▶ **Exercise prompt**
Set the records down once more so that they match the source word for word.

Recorded data
◆ ◆ ◆

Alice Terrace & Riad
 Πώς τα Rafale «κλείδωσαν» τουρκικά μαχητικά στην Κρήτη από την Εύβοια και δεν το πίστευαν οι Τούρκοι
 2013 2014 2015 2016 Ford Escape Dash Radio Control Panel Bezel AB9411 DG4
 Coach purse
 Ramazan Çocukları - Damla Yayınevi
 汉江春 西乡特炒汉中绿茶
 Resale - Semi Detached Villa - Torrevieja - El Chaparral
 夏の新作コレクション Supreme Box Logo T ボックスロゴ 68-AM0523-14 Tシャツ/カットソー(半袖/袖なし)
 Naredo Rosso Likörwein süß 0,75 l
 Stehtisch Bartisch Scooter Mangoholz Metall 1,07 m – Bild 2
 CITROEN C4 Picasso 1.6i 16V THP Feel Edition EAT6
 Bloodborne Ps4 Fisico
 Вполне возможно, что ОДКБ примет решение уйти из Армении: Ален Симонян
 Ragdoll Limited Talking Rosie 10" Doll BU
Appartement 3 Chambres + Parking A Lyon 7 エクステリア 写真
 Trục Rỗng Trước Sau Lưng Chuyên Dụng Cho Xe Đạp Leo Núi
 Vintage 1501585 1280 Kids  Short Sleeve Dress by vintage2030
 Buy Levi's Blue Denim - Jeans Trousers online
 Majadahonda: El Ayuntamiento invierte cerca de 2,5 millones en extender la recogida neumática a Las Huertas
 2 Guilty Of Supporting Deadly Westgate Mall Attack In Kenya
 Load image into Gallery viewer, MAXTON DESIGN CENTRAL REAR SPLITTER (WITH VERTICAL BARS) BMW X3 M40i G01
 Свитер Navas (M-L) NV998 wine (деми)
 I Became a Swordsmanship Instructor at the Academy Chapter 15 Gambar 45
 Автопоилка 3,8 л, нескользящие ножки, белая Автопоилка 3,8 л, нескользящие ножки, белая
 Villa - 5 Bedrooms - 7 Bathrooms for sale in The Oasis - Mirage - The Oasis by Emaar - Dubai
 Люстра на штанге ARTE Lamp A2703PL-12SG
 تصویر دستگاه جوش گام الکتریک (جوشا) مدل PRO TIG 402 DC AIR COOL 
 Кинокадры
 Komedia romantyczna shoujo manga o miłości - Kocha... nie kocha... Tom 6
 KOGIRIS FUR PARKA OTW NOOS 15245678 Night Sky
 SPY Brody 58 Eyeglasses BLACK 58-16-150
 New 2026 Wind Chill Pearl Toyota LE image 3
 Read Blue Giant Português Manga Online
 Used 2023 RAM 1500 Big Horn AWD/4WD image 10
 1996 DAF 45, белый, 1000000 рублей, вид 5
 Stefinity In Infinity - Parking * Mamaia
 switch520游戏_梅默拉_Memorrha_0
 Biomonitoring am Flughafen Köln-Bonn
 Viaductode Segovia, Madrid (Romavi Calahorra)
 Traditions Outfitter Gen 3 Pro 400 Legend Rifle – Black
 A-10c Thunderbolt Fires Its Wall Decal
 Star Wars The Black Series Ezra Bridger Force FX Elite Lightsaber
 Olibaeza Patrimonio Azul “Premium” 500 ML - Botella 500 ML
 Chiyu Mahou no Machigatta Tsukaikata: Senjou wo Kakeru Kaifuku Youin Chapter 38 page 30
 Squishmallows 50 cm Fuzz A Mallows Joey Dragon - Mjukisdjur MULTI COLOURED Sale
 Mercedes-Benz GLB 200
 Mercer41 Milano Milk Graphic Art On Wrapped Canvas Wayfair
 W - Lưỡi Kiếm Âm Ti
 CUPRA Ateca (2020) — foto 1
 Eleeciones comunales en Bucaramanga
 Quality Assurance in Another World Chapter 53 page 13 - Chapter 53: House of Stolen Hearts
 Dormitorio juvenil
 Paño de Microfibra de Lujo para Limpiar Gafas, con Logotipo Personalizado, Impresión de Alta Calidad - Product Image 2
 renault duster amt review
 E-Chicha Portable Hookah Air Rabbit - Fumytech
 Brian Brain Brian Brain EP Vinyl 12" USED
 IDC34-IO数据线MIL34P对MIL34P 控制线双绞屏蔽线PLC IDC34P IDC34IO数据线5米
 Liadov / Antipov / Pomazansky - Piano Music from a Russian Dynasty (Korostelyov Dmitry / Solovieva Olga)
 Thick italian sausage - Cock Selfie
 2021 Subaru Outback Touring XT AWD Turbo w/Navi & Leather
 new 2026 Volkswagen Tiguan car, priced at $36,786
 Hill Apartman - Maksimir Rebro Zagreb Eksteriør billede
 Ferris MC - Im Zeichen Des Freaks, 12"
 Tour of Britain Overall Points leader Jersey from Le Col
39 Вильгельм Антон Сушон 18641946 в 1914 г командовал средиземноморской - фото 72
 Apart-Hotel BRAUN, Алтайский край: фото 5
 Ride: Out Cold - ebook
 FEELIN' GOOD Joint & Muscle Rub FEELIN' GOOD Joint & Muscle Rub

◆ ◆ ◆

▶ **Written solution**
Alice Terrace & Riad
 Πώς τα Rafale «κλείδωσαν» τουρκικά μαχητικά στην Κρήτη από την Εύβοια και δεν το πίστευαν οι Τούρκοι
 2013 2014 2015 2016 Ford Escape Dash Radio Control Panel Bezel AB9411 DG4
 Coach purse
 Ramazan Çocukları - Damla Yayınevi
 汉江春 西乡特炒汉中绿茶
 Resale - Semi Detached Villa - Torrevieja - El Chaparral
 夏の新作コレクション Supreme Box Logo T ボックスロゴ 68-AM0523-14 Tシャツ/カットソー(半袖/袖なし)
 Naredo Rosso Likörwein süß 0,75 l
 Stehtisch Bartisch Scooter Mangoholz Metall 1,07 m – Bild 2
 CITROEN C4 Picasso 1.6i 16V THP Feel Edition EAT6
 Bloodborne Ps4 Fisico
 Вполне возможно, что ОДКБ примет решение уйти из Армении: Ален Симонян
 Ragdoll Limited Talking Rosie 10" Doll BU
Appartement 3 Chambres + Parking A Lyon 7 エクステリア 写真
 Trục Rỗng Trước Sau Lưng Chuyên Dụng Cho Xe Đạp Leo Núi
 Vintage 1501585 1280 Kids  Short Sleeve Dress by vintage2030
 Buy Levi's Blue Denim - Jeans Trousers online
 Majadahonda: El Ayuntamiento invierte cerca de 2,5 millones en extender la recogida neumática a Las Huertas
 2 Guilty Of Supporting Deadly Westgate Mall Attack In Kenya
 Load image into Gallery viewer, MAXTON DESIGN CENTRAL REAR SPLITTER (WITH VERTICAL BARS) BMW X3 M40i G01
 Свитер Navas (M-L) NV998 wine (деми)
 I Became a Swordsmanship Instructor at the Academy Chapter 15 Gambar 45
 Автопоилка 3,8 л, нескользящие ножки, белая Автопоилка 3,8 л, нескользящие ножки, белая
 Villa - 5 Bedrooms - 7 Bathrooms for sale in The Oasis - Mirage - The Oasis by Emaar - Dubai
 Люстра на штанге ARTE Lamp A2703PL-12SG
 تصویر دستگاه جوش گام الکتریک (جوشا) مدل PRO TIG 402 DC AIR COOL 
 Кинокадры
 Komedia romantyczna shoujo manga o miłości - Kocha... nie kocha... Tom 6
 KOGIRIS FUR PARKA OTW NOOS 15245678 Night Sky
 SPY Brody 58 Eyeglasses BLACK 58-16-150
 New 2026 Wind Chill Pearl Toyota LE image 3
 Read Blue Giant Português Manga Online
 Used 2023 RAM 1500 Big Horn AWD/4WD image 10
 1996 DAF 45, белый, 1000000 рублей, вид 5
 Stefinity In Infinity - Parking * Mamaia
 switch520游戏_梅默拉_Memorrha_0
 Biomonitoring am Flughafen Köln-Bonn
 Viaductode Segovia, Madrid (Romavi Calahorra)
 Traditions Outfitter Gen 3 Pro 400 Legend Rifle – Black
 A-10c Thunderbolt Fires Its Wall Decal
 Star Wars The Black Series Ezra Bridger Force FX Elite Lightsaber
 Olibaeza Patrimonio Azul “Premium” 500 ML - Botella 500 ML
 Chiyu Mahou no Machigatta Tsukaikata: Senjou wo Kakeru Kaifuku Youin Chapter 38 page 30
 Squishmallows 50 cm Fuzz A Mallows Joey Dragon - Mjukisdjur MULTI COLOURED Sale
 Mercedes-Benz GLB 200
 Mercer41 Milano Milk Graphic Art On Wrapped Canvas Wayfair
 W - Lưỡi Kiếm Âm Ti
 CUPRA Ateca (2020) — foto 1
 Eleeciones comunales en Bucaramanga
 Quality Assurance in Another World Chapter 53 page 13 - Chapter 53: House of Stolen Hearts
 Dormitorio juvenil
 Paño de Microfibra de Lujo para Limpiar Gafas, con Logotipo Personalizado, Impresión de Alta Calidad - Product Image 2
 renault duster amt review
 E-Chicha Portable Hookah Air Rabbit - Fumytech
 Brian Brain Brian Brain EP Vinyl 12" USED
 IDC34-IO数据线MIL34P对MIL34P 控制线双绞屏蔽线PLC IDC34P IDC34IO数据线5米
 Liadov / Antipov / Pomazansky - Piano Music from a Russian Dynasty (Korostelyov Dmitry / Solovieva Olga)
 Thick italian sausage - Cock Selfie
 2021 Subaru Outback Touring XT AWD Turbo w/Navi & Leather
 new 2026 Volkswagen Tiguan car, priced at $36,786
 Hill Apartman - Maksimir Rebro Zagreb Eksteriør billede
 Ferris MC - Im Zeichen Des Freaks, 12"
 Tour of Britain Overall Points leader Jersey from Le Col
39 Вильгельм Антон Сушон 18641946 в 1914 г командовал средиземноморской - фото 72
 Apart-Hotel BRAUN, Алтайский край: фото 5
 Ride: Out Cold - ebook
 FEELIN' GOOD Joint & Muscle Rub FEELIN' GOOD Joint & Muscle Rub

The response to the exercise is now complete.